Despite this recent outcry, I continue to have faith and confidence in our present attorney general to do the right thing and continue with the good work of his predecessor,” Lim added.
The current Malaysian Attorney General, Idris Harun, succeeded Thomas, who was appointed attorney general in June 2018 by Mahathir to vigorously pursue the 1MDB case.
Former Malaysian Attorney General’s denials
Although the MACC said on May 14 that the agreement between the prosecution and Riza was agreed to by Thomas, the former attorney general has repeatedly denied it. On May 16, he issued a statement denying he approved the deal with Riza for the second time. His statement said, “After I corrected MACC’s false statement on the evening of 14th May, MACC responded by stating that they stood by their first statement. This is absolutely shocking because MACC were continuing with the lie after the truth had been pointed out to them.”
In a press release of the Malaysian Attorney General’s Chambers on May 17, Idris said he agreed to the deal to drop charges against Riza after learning Thomas had agreed to this deal “in principle”.
On May 18, Thomas issued another statement, saying, “Since Tan Sri Idrus is at pains to emphasize the weight he gave to my so-called ‘agreement in principle’ (which itself is a fiction), let me state publicly that I would have never sanctioned this deal.
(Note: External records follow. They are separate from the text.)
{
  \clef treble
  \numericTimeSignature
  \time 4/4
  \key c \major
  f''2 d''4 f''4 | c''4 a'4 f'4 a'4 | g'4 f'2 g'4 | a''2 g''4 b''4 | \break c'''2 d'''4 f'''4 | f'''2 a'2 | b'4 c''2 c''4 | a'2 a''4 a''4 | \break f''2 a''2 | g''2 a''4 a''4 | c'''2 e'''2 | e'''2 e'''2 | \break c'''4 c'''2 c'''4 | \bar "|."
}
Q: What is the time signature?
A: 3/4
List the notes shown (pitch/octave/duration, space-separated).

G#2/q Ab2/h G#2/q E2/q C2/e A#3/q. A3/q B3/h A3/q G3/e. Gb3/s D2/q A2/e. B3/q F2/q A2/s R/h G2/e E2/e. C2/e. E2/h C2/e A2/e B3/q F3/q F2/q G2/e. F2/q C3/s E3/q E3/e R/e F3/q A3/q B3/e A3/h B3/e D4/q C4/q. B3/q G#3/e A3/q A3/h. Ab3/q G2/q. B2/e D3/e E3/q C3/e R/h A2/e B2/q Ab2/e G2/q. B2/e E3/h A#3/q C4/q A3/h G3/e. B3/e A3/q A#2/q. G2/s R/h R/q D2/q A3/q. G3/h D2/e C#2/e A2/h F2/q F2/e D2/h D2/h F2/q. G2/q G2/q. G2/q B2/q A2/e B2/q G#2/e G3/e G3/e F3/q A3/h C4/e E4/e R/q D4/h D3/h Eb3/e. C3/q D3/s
I would have lost all credibility in the eyes of the people of Malaysia.”
Thomas’s statement on May 18 said Riza is not offering to pay any new money other than assets already seized by the US Department of Justice (DOJ) since the US$108 million would, in any event, be returned by DOJ to Malaysia.
“Thus, Riza is unnecessarily getting credit for returning monies that are not his. Hence, it is a sweetheart deal for Riza but terrible for Malaysia,” added Thomas.
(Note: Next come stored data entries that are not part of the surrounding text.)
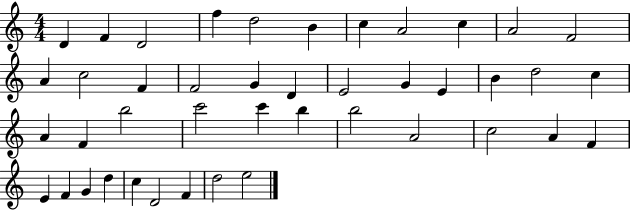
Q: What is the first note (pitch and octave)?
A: D4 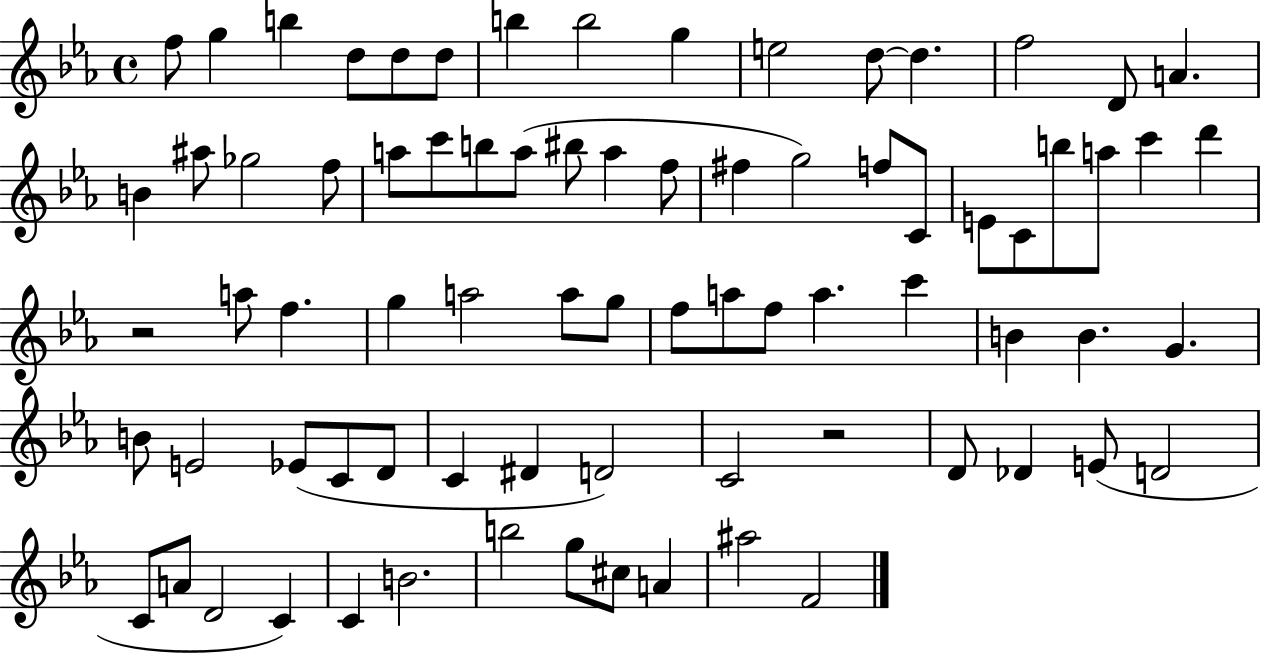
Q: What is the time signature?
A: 4/4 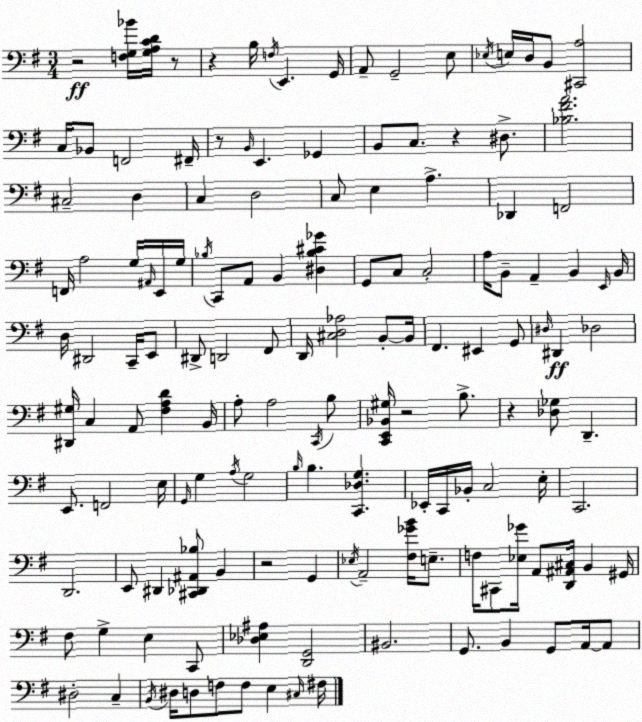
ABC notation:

X:1
T:Untitled
M:3/4
L:1/4
K:Em
z2 [F,G,_B]/4 [G,A,CD]/4 z/2 z B,/4 F,/4 E,, G,,/4 A,,/2 G,,2 E,/2 _E,/4 E,/4 D,/4 B,,/2 [^C,,A,]2 C,/4 _B,,/2 F,,2 ^F,,/4 z/2 B,,/4 E,, _G,, B,,/2 C,/2 z ^D,/2 [_B,^FA]2 ^C,2 D, C, D,2 C,/2 E, A, _D,, F,,2 F,,/4 A,2 G,/4 ^A,,/4 E,,/4 G,/4 _B,/4 C,,/2 A,,/2 B,, [^D,_B,^C_G] G,,/2 C,/2 C,2 A,/4 B,,/2 A,, B,, E,,/4 B,,/4 D,/4 ^D,,2 C,,/4 E,,/2 ^D,,/2 D,,2 ^F,,/2 D,,/4 [^C,D,_A,]2 B,,/2 B,,/4 ^F,, ^E,, G,,/2 ^D,/4 ^D,, _D,2 [^D,,^G,]/4 C, A,,/2 [^F,A,D] B,,/4 A,/2 A,2 C,,/4 B,/2 [C,,E,,_B,,^G,]/4 z2 B,/2 z [_D,_G,]/2 D,, E,,/2 F,,2 E,/4 G,,/4 G, A,/4 G,2 B,/4 B, [C,,_D,G,] _E,,/4 C,,/4 _B,,/4 C,2 E,/4 C,,2 D,,2 E,,/2 ^D,, [^C,,_D,,^A,,_B,]/2 B,, z2 G,, _E,/4 A,,2 [^F,_GB]/4 E,/2 F,/4 ^C,,/2 [_E,_G]/4 A,,/2 [D,,^A,,^C,]/4 B,, ^G,,/4 ^F,/2 G, E, C,,/2 [_D,_E,^A,] [D,,G,,]2 ^B,,2 G,,/2 B,, G,,/2 A,,/4 A,,/2 ^D,2 C, B,,/4 ^D,/4 D,/2 F,/2 F,/2 E, ^C,/4 ^F,/4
In an embarrassing slip, the Malaysian Attorney General’s Chambers press release of May 17 said Riza offered to surrender a house in Beverly Hills, an apartment in New York and a townhouse in London as part of the US$108 million of assets to be returned to the Malaysian state. But these properties had already been surrendered to the FBI, reported the Sarawak Report, a London-based whistleblower blog. This means virtually all the assets that Riza offered to return to the Malaysian government was already surrendered to the US authorities, the Sarawak Report said.
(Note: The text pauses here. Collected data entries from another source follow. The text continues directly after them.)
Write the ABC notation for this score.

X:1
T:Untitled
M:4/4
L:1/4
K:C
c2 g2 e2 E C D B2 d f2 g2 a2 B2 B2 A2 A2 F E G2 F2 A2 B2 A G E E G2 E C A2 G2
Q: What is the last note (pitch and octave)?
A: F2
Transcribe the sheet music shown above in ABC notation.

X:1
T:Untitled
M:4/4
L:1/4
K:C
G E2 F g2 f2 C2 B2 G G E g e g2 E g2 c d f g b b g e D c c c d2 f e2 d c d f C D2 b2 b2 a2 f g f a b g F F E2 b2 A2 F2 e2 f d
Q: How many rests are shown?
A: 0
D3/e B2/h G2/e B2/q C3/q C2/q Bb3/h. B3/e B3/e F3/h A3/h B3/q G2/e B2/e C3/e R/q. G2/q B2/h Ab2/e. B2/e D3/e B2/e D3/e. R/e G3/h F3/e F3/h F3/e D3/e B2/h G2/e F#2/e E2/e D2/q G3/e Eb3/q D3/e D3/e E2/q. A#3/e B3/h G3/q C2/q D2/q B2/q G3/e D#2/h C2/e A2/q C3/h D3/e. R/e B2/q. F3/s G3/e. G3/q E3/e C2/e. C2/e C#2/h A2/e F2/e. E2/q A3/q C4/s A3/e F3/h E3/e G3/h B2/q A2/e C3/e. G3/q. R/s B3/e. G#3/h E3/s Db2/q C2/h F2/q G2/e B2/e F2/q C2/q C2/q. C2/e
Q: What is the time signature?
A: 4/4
The controversy over Riza comes amidst great political uncertainty in Malaysia, with anybody’s guess how long the current prime minister Muhyiddin will remain in power. Mahathir has applied to file a no-confidence motion in Parliament, which was originally scheduled to be discussed on May 18. But that has been delayed till July after the scheduled May 18 session was shortened to one day from the originally planned 15 days. At the Parliamentary session on May 18, only the Malaysian king gave a speech but no politician was allowed to speak.
At a press conference in Kuala Lumpur on May 18, Mahathir complained, “We cannot accept the reasoning that because of the pandemic we can only meet for two hours … This will spell the end of democracy, as we cannot speak as representatives of the people.”
If two or three MPs (Members of Parliament) switch parties, he said, “then this government will collapse.”
Of 222 seats in the Malaysian Parliament, Muhyiddin’s ruling coalition, Perikatan Nasional, has a majority of only three seats.
Toh Han Shih is a Singaporean writer in Hong Kong.